DATA FOR REVIEW:

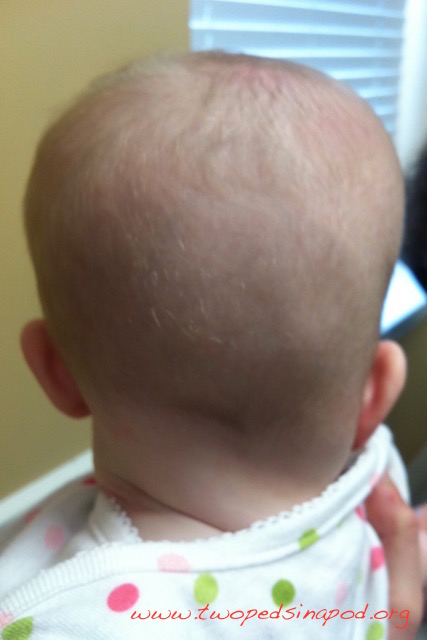 Tummy time can prevent flat head syndrome, or plagiocephaly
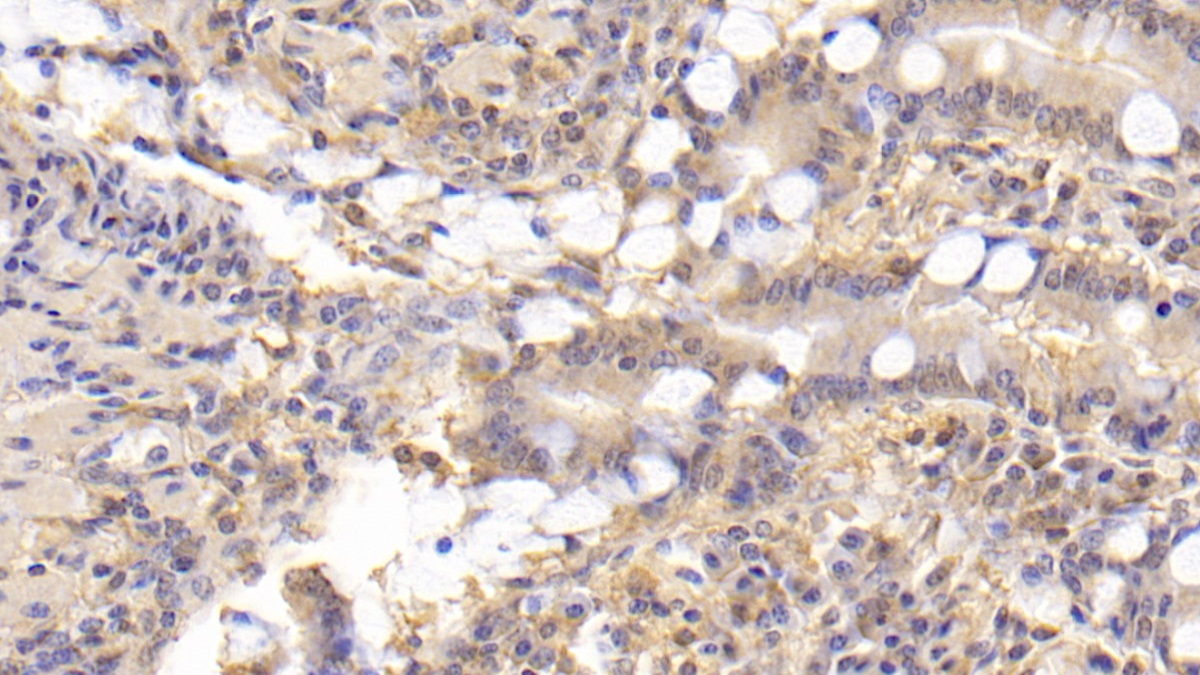 Monoclonal Antibody to Arginyl tRNA Synthetase (RARS)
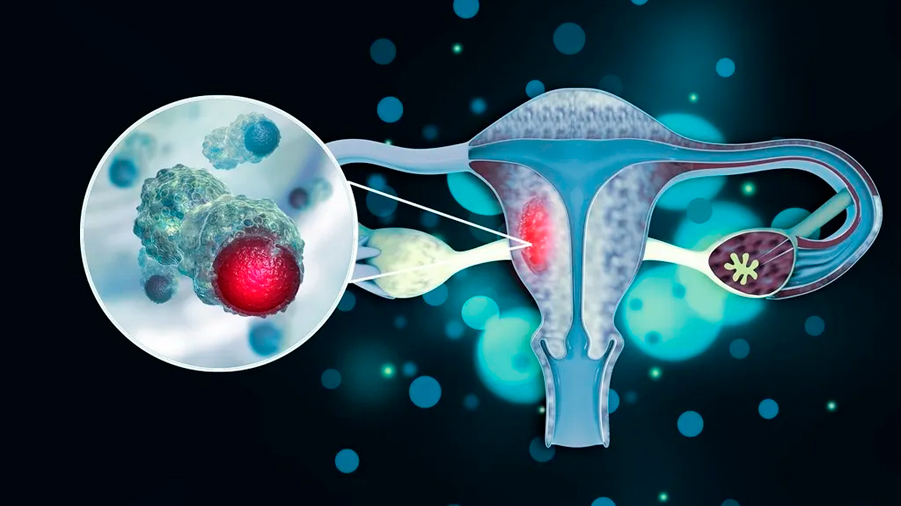 Crean un modelo de ratón que abre la investigación para tratar el cáncer de endometrio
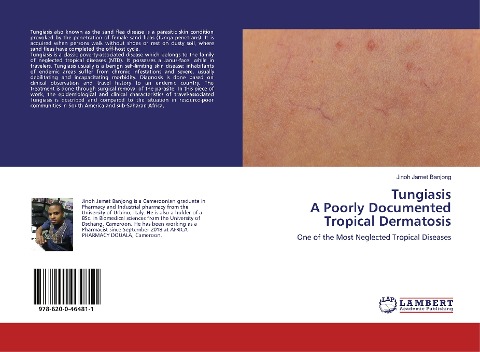 TungiasisA Poorly Documented Tropical Dermatosis: One of the Most Neglected Tropical Diseases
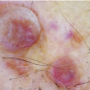 Derm DX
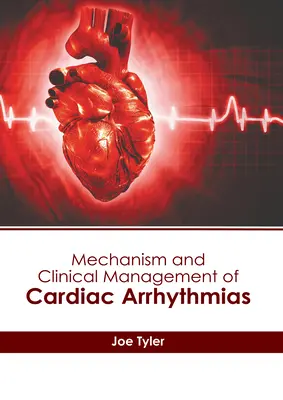 Mechanizm i postępowanie kliniczne w zaburzeniach rytmu serca - Mechanism and Clinical Management of Cardiac Arrhythmias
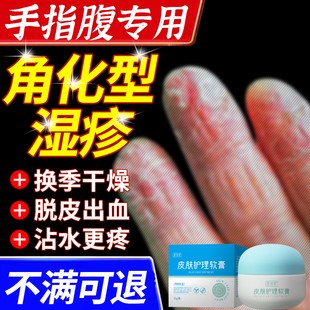 手指腹角化型湿疹手癣膏脱皮干裂真菌感染慢性角质化皲裂性手部XP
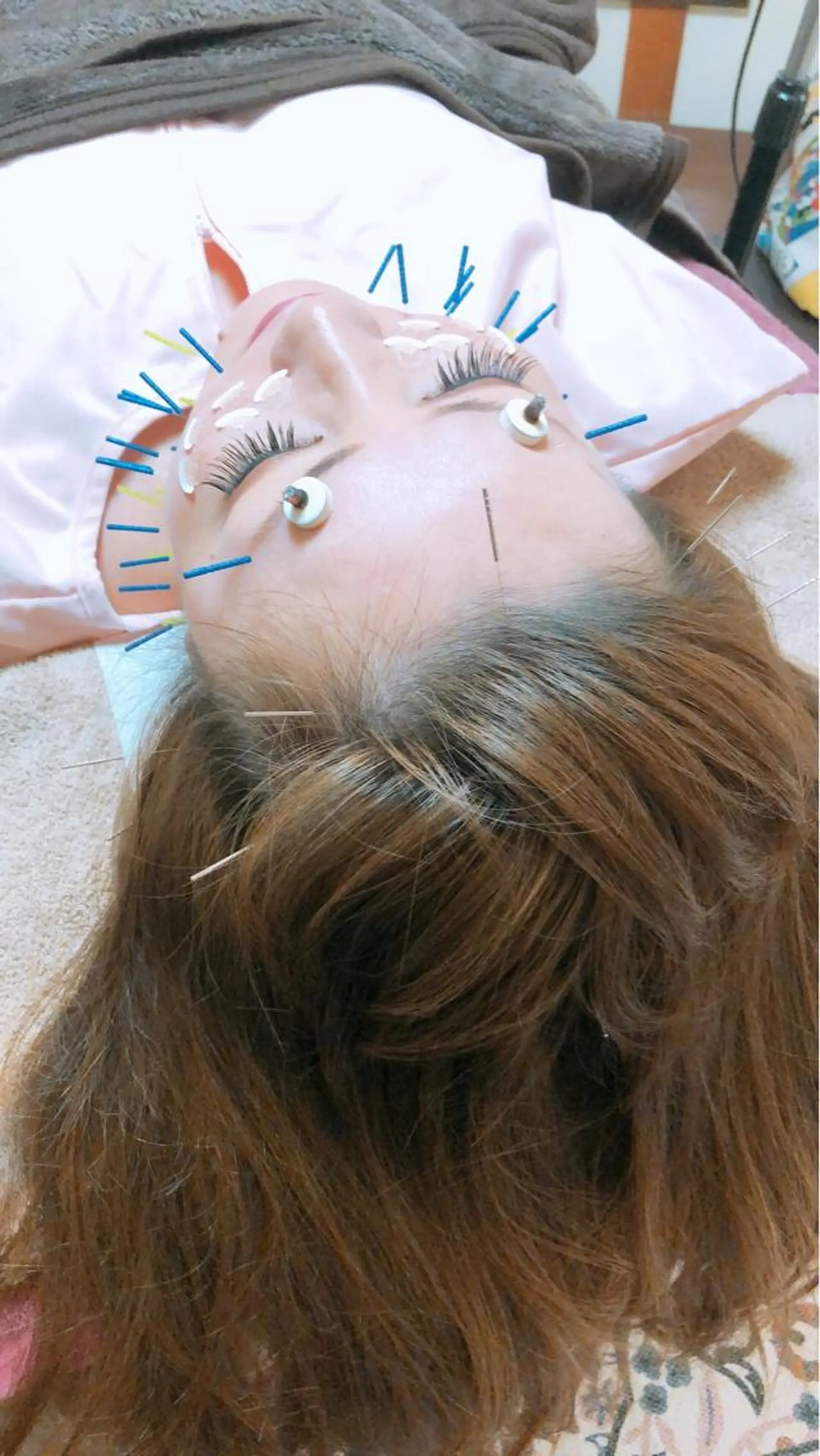 美容鍼灸女性専用 りんご鍼灸治療院のその他イメージ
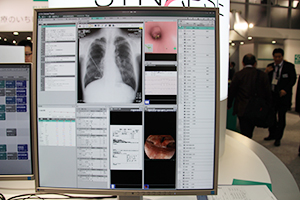 CITA Clinical Finderではさまざまな情報を自由にレイアウトできる“メディカル・ガジェット”機能を搭載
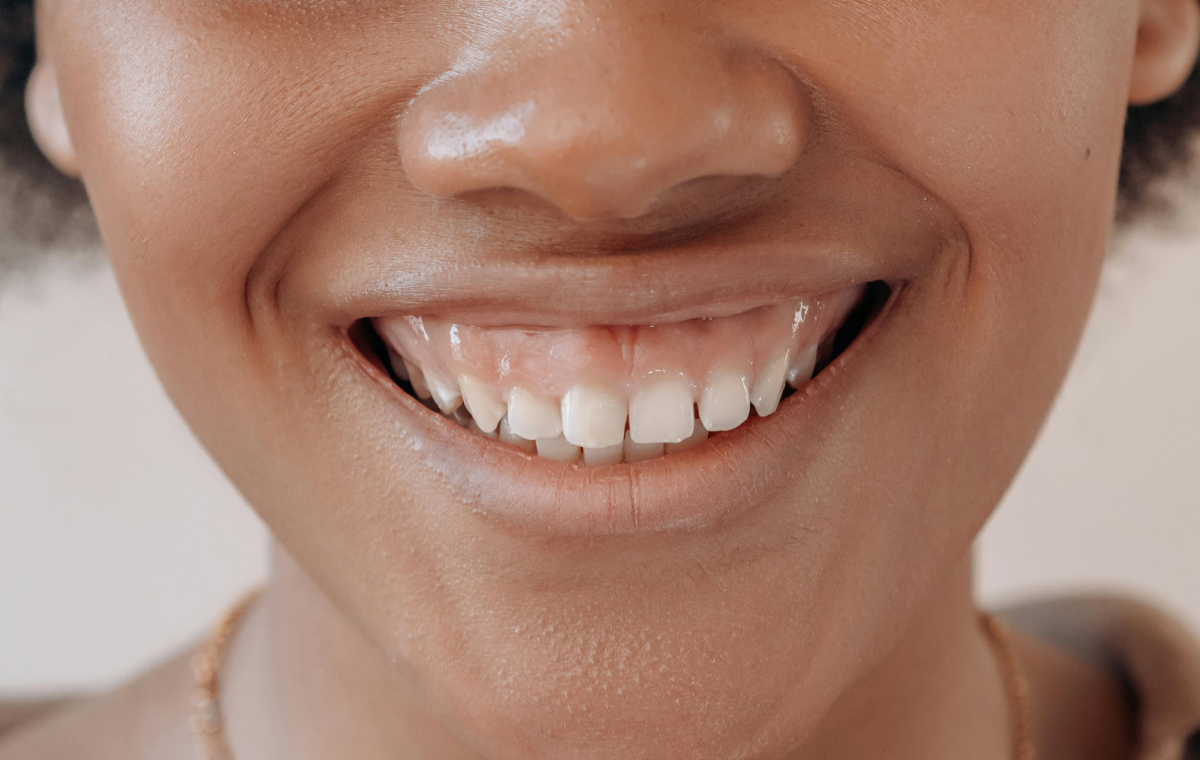 sourire_gingivale (2)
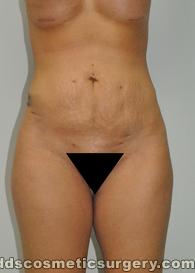 Tumescent Liposuction After Picture 1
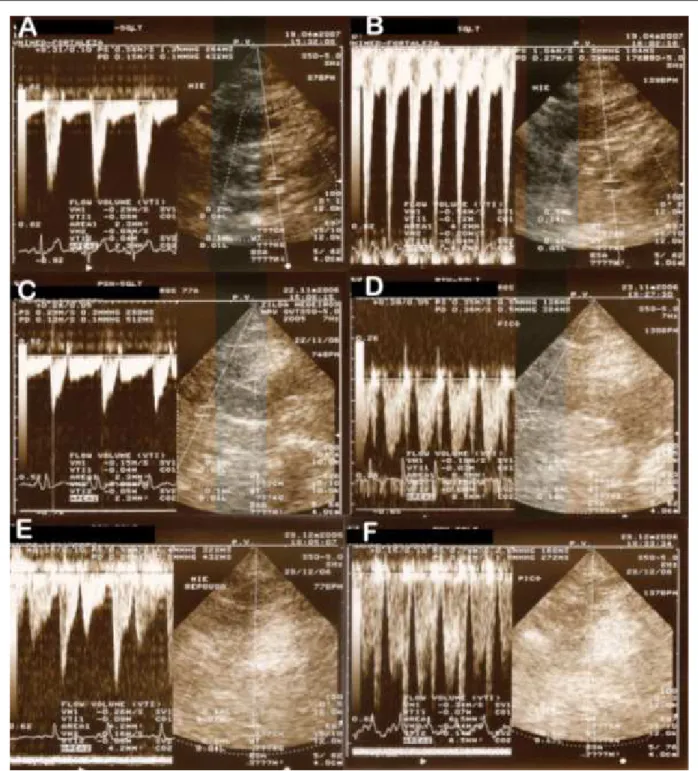 Figure 1 - Doppler Echocardiography of LITA showing the flow pattern during different situations: A – In situ LITA at rest., B – In situ LITA under dobutamine  stress., C – LITA in a simple graft at rest., D – LITA in a simple graft under dobutamine stress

TASK DETAILS:
Give the entries above again, exactly as written and free of images.

TASK ANSWER:
 Tummy time can prevent flat head syndrome, or plagiocephaly
 Monoclonal Antibody to Arginyl tRNA Synthetase (RARS)
 Crean un modelo de ratón que abre la investigación para tratar el cáncer de endometrio
 TungiasisA Poorly Documented Tropical Dermatosis: One of the Most Neglected Tropical Diseases
 Derm DX
 Mechanizm i postępowanie kliniczne w zaburzeniach rytmu serca - Mechanism and Clinical Management of Cardiac Arrhythmias
 手指腹角化型湿疹手癣膏脱皮干裂真菌感染慢性角质化皲裂性手部XP
 美容鍼灸女性専用 りんご鍼灸治療院のその他イメージ
 CITA Clinical Finderではさまざまな情報を自由にレイアウトできる“メディカル・ガジェット”機能を搭載
 sourire_gingivale (2)
 Tumescent Liposuction After Picture 1
 Figure 1 - Doppler Echocardiography of LITA showing the flow pattern during different situations: A – In situ LITA at rest., B – In situ LITA under dobutamine  stress., C – LITA in a simple graft at rest., D – LITA in a simple graft under dobutamine stress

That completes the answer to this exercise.